TUSTEP: design principles

Modularity, Professionality, Integration:
A Conception Revisited

Wilhelm Ott, Universität Tübingen

Paper prepared for the ALLC-ACH 92 Conference, Oxford, 6-9 April 1992
first published in: ALLC-ACH 92, Conference Abstracts and Programme, Oxford: Christ Church 1992, p. 197-199

More than fifteen years ago, at the 1976 ALLC symposium in Oxford, I outlined some of the features of the software for processing textual data which we were then developing at Tübingen University. I illustrated them by the solution they can offer to specific problems occuring when preparing critical editions (cf. CHum 13 (1979) 29-35).

As of last year (thanks to a substantial grant we received from the State of Baden-Württemberg from 1985-1989) TUSTEP, the "TUebingen System of TExt processing Programs", is bi-lingual: in addition to German, it now understands English commands and produces English messages. Before that, TUSTEP had been accessible as a tool for German-speaking users only. At present (Jan. 1992), the German version is being used by humanities projects in about 75 universities, most of them on the European continent. Its bilingual version now makes it more readily accessible to users outside the German-speaking part of the world.
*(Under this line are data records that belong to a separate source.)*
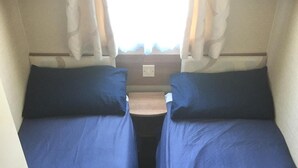 A compact RV interior with two beds, a small table, and curtains.
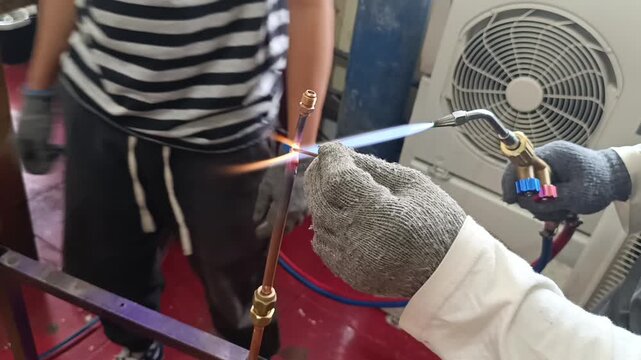 Technician welding AC pipe during air conditioner installation and repair. Close-up industrial maintenance work with metal pipe brazing for HVAC system service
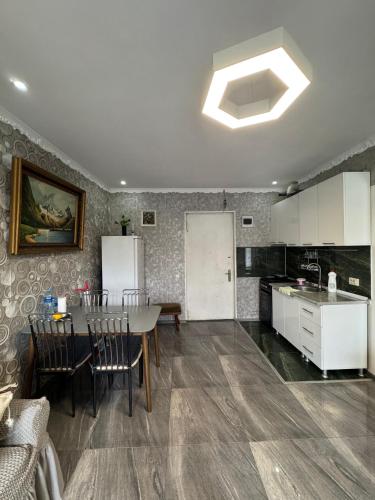 a kitchen and dining room with a table and a refrigerator at მყუდრო აპარტამენტი ანაკლიაში, Cozy Apartment in Anaklia in Zugdidi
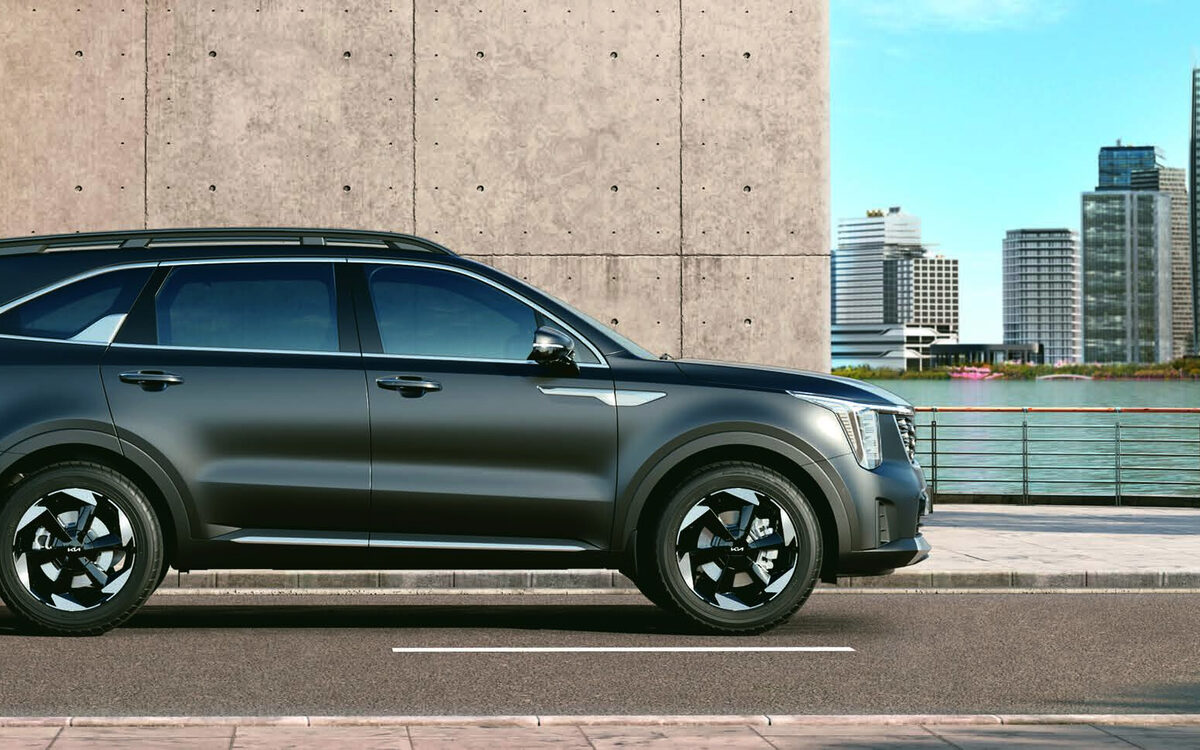 Kia Sorento in dark grey, side profile on a city waterfront road with a concrete wall and high-rise buildings behind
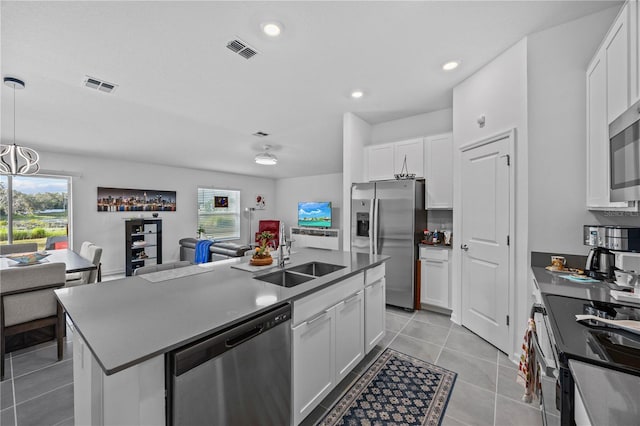 873 Daring Dr, Davenport, FL 33837 - kitchen featuring stainless steel appliances, open floor plan, white cabinetry, and recessed lighting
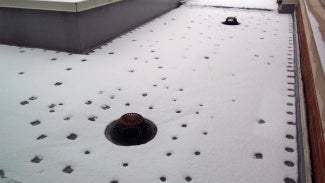Roof fasteners on snowy roof show thermal bridging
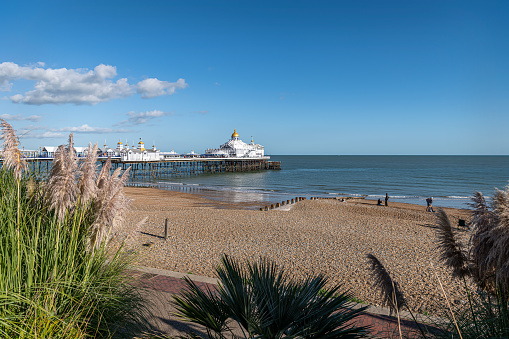 Eastbourne Pier and Beach with a clear blue sky, Eastbourne, England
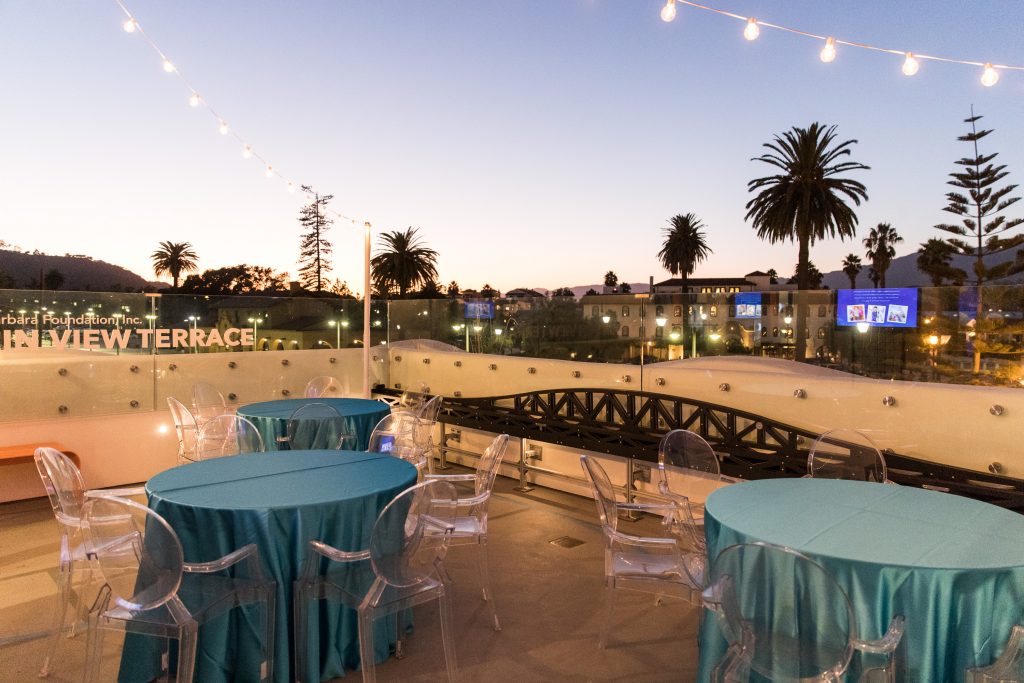 Mountain View Terrace - teal tables with ghost chairs and string lights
For this reason, it may be worthwhile to review some of TUSTEP's goals and principles of design:

Modularity: TUSTEP is a collection of relatively independent programs, each of which offers a well-defined subset of basic operations for processing textual data. It is the task of the user to combine these basic functions in order to arrive at the solution to a given problem.
Professionality: The individual modules are especially designed to meet the requirements of processing textual data in professional academic research. These requirements go beyond those found in the office environment.
Integration: the functions provided by TUSTEP are designed to handle all stages of a project: initial data input, the various steps of analysis and processing, and the final output for conventional publications or for exporting the results to a data base. So normally there is no need to switch to a different system during the course of a project.
Portability: Programs and data can be transferred unchanged between the most common types of micro and mainframe computers. This feature not only eliminates problems caused by the fast changes in hardware technology but also allows scholars at different sites to collaborate.

1. Modularity

TUSTEP's basic design concept proceeds from the idea that the user should be entrusted with the responsibility also for the data processing part of his project. This forbids us to provide the user with ready-made solutions. On the other hand, the scholar must be provided with tools that allow him to achieve satisfactory results without his having to write a program himself. These tools consist of the above mentioned program modules for the basic functions of text analysis and processing, which the user has to combine in order to obtain the solution to the problem at hand.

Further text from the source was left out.